Your answer should be the lines below from the one with "Pasajero muerde a" to the one with "茜草、茜草、红莓、茜草科、作物、水果、成熟、草莓", both included, given again exactly and with nothing added.

Dataset entries

= = =

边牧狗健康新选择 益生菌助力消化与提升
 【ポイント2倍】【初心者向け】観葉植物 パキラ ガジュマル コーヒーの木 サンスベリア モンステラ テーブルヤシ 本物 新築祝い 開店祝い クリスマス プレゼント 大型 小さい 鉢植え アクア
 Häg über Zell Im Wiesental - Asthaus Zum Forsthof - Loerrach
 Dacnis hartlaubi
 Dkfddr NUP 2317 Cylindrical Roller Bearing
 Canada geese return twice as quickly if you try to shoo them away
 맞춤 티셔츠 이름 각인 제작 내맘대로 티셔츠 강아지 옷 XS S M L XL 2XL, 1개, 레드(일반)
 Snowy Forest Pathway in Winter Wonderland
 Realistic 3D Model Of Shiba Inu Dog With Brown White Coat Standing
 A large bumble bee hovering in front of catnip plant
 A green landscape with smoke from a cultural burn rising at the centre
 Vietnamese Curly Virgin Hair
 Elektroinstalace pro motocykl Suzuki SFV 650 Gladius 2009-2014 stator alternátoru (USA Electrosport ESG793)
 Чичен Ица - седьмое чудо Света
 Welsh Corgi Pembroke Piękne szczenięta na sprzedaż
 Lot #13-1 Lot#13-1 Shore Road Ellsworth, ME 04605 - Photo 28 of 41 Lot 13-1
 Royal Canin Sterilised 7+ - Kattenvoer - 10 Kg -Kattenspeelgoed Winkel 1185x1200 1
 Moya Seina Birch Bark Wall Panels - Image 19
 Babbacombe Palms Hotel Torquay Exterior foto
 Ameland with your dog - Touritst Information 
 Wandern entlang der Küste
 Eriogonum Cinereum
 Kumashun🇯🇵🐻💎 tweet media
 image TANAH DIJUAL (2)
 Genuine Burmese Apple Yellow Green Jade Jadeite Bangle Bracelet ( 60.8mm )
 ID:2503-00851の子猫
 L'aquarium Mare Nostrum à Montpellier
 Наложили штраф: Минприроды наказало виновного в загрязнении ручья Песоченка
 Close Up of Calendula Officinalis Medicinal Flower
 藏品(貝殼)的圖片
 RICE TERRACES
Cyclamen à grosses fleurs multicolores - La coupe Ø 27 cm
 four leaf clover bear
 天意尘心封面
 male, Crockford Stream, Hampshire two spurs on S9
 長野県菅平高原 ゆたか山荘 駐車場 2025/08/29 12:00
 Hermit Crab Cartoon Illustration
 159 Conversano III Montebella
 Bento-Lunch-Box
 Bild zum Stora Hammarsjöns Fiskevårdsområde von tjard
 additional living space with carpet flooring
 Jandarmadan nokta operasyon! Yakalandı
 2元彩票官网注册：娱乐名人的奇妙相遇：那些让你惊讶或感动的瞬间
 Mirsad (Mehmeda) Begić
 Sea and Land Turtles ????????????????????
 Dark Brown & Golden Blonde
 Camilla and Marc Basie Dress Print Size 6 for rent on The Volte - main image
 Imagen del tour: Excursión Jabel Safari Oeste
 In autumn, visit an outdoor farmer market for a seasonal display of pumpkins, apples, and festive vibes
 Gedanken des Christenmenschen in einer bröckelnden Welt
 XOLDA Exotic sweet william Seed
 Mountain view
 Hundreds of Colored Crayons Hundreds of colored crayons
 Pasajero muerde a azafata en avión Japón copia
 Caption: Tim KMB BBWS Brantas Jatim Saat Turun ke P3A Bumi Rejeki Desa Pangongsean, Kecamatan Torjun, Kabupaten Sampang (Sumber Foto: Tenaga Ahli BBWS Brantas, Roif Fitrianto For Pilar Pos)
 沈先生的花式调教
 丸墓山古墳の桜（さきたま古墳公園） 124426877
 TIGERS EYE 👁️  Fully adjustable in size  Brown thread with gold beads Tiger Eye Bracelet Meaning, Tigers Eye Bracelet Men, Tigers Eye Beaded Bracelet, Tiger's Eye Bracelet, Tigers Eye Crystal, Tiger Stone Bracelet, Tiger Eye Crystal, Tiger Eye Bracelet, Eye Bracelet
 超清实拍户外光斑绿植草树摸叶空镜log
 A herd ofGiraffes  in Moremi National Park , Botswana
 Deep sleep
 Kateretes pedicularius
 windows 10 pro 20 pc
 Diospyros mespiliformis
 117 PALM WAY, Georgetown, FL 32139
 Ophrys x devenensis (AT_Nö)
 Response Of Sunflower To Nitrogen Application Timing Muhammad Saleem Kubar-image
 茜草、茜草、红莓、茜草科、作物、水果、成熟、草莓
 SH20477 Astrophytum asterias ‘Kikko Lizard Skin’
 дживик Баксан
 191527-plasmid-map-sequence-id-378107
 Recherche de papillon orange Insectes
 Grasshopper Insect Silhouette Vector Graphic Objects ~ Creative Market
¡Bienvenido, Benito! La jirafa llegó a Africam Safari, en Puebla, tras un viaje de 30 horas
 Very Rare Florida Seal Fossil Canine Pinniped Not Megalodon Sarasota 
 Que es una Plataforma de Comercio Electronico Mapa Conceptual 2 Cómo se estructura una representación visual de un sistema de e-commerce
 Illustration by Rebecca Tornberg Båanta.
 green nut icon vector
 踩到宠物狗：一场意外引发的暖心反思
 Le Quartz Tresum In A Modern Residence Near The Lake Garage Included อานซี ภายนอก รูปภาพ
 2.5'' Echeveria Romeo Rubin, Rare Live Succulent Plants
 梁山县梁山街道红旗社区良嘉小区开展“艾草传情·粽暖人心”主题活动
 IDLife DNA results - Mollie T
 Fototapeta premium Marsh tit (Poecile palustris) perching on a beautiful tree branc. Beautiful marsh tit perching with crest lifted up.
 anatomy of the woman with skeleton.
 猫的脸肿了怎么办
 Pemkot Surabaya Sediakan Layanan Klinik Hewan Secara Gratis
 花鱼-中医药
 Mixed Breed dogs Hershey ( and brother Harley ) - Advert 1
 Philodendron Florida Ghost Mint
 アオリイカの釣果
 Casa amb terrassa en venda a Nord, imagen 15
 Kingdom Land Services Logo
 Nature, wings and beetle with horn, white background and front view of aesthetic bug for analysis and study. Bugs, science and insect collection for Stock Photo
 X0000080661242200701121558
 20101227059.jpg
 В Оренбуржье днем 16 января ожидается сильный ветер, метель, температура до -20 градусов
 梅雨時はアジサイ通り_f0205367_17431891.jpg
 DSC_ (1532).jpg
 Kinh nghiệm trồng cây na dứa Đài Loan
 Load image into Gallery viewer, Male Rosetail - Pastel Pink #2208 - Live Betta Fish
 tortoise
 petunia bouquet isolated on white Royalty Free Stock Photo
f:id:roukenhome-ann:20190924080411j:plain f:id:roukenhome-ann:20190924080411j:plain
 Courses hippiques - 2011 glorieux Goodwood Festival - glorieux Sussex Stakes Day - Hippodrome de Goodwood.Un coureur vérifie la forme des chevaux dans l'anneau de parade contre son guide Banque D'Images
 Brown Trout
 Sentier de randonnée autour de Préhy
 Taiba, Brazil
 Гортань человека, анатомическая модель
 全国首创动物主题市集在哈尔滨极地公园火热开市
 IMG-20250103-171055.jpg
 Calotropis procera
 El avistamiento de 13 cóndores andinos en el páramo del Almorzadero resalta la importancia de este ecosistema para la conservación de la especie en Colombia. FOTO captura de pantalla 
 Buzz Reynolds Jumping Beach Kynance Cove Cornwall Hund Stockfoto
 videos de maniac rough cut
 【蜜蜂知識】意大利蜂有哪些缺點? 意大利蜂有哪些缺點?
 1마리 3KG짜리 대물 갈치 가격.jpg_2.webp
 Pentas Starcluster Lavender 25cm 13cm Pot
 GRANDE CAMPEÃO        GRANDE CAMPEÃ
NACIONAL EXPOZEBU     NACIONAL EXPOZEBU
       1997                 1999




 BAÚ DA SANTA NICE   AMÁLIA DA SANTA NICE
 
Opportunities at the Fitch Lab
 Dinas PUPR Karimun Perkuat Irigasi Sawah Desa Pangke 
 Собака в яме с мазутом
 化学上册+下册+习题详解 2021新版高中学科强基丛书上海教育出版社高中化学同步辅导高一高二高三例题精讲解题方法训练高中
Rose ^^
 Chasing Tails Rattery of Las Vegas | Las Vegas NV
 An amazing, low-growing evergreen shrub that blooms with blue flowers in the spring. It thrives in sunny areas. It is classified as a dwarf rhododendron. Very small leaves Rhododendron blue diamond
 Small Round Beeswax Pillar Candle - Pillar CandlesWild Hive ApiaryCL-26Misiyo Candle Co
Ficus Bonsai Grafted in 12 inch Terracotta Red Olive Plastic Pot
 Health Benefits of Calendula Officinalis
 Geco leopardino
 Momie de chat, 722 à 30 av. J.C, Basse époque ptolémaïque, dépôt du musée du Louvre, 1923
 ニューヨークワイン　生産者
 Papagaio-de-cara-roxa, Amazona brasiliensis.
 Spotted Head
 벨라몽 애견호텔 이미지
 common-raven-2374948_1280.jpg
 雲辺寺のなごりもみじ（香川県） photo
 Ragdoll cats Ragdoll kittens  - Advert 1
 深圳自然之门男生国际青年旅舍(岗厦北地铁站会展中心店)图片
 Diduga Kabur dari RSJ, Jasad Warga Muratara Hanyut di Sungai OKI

= = =

OUTPUT
 Pasajero muerde a azafata en avión Japón copia
 Caption: Tim KMB BBWS Brantas Jatim Saat Turun ke P3A Bumi Rejeki Desa Pangongsean, Kecamatan Torjun, Kabupaten Sampang (Sumber Foto: Tenaga Ahli BBWS Brantas, Roif Fitrianto For Pilar Pos)
 沈先生的花式调教
 丸墓山古墳の桜（さきたま古墳公園） 124426877
 TIGERS EYE 👁️  Fully adjustable in size  Brown thread with gold beads Tiger Eye Bracelet Meaning, Tigers Eye Bracelet Men, Tigers Eye Beaded Bracelet, Tiger's Eye Bracelet, Tigers Eye Crystal, Tiger Stone Bracelet, Tiger Eye Crystal, Tiger Eye Bracelet, Eye Bracelet
 超清实拍户外光斑绿植草树摸叶空镜log
 A herd ofGiraffes  in Moremi National Park , Botswana
 Deep sleep
 Kateretes pedicularius
 windows 10 pro 20 pc
 Diospyros mespiliformis
 117 PALM WAY, Georgetown, FL 32139
 Ophrys x devenensis (AT_Nö)
 Response Of Sunflower To Nitrogen Application Timing Muhammad Saleem Kubar-image
 茜草、茜草、红莓、茜草科、作物、水果、成熟、草莓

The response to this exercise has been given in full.